I took this on the first sea trial, bungeed to the propane locker. The LED blinked every second as we played around in the Ship Canal, Lake Union, and Portage Bay. When I got back to the lab, I popped the SD card into my Mac's USB reader, dropped the collected data into a KML template file, and clicked it to launch Google Earth... with utterly wonderful results!

Here is the overall journey, and this is a close-up of our zig-zagging in the Lake to get to know the sails and learn tight maneuvering (the really tight turn in the upper right was done by Chris Tesh as he lectured me on prop walk and engine/rudder tricks; the much sloppier one to the left is mine... looks like I need practice). If you want, you can play with the KML file and your own installation of Google Earth (do a "save link target as" on that, or you'll see a bunch of text in your browser instead).

Ain't technology wonderful? When this site matures a bit, there will be a browsable archive of track logs and related photos.
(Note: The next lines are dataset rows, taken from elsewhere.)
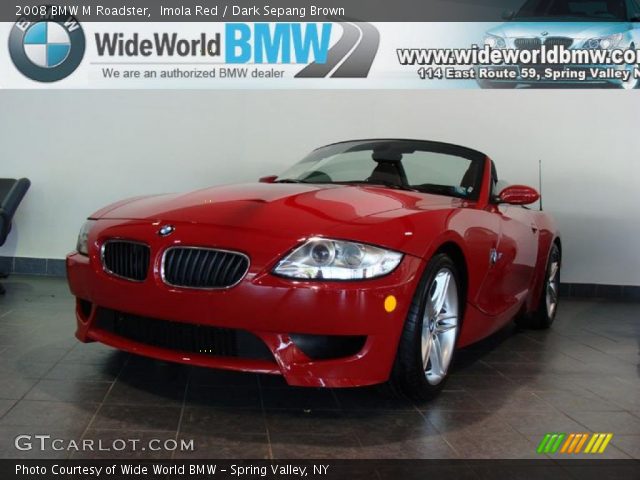 2008 BMW M Roadster in Imola Red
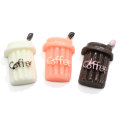 Wholesale Coffee Designs Resin Cabochon Novelty Earring Pendant Accessory Funny Little Sticker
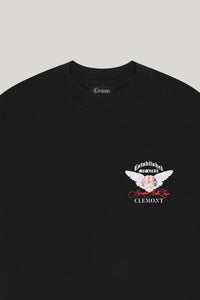 CAMISETA CLEMONT OVERSIZED HOMBRE ECCELLENZA BLACK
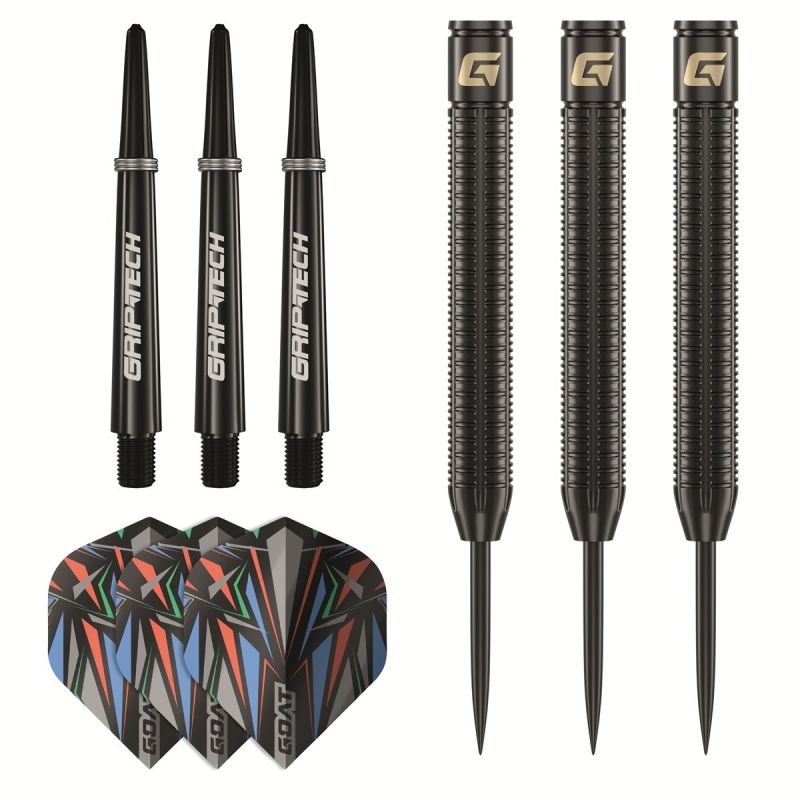 GOAT Athlete Black Brass Steeldarts 13 Gramm Steeldarts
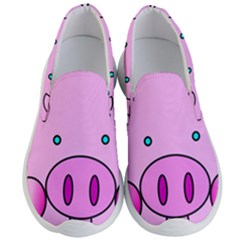 Pink Pig Christmas Xmas Stuffed Animal Men s Lightweight Slip Ons by Sapixe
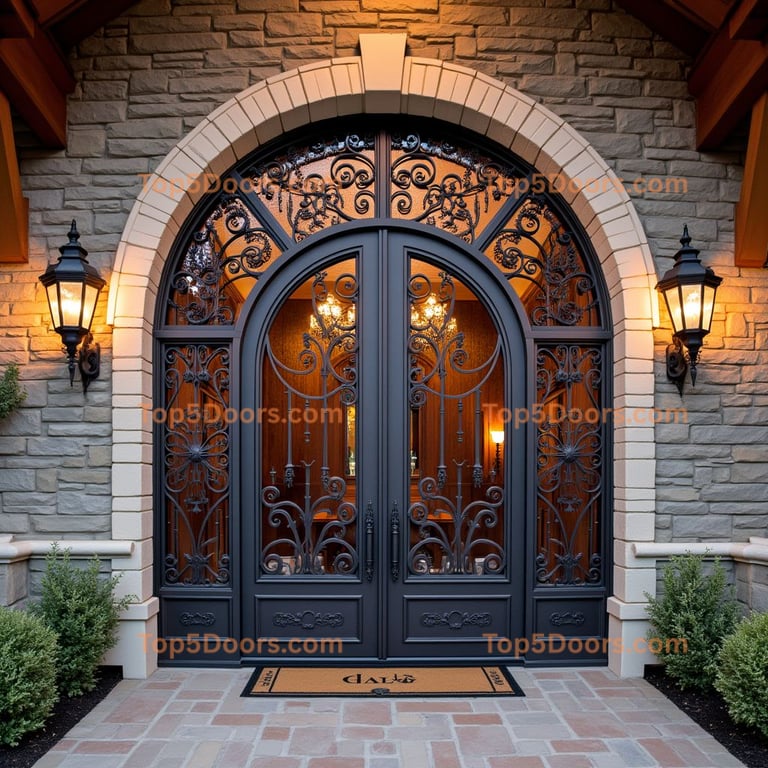 Ornate Metal Double Door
More added commentary from June 2009: I noticed that this post gets a lot of visitors, so I want to add a bit more information. My GPS Datalogger kit mentioned above is intended to simplify this process, and is based on a Geochron Blue unit from Sparkfun Electronics, packaged in a small Pelican case with a Lithium-Polymer battery and Bluetooth... and is shipped with adhesive-backed velcro so you can leave it attached to a convenient spot on your boat or other vehicle. More detail on the DIY approach is over here, and I'm happy to report that the manual KML-file editing is a thing of the past with the excellent GPS Visualizer (if you use that, please send him some Paypal donation love).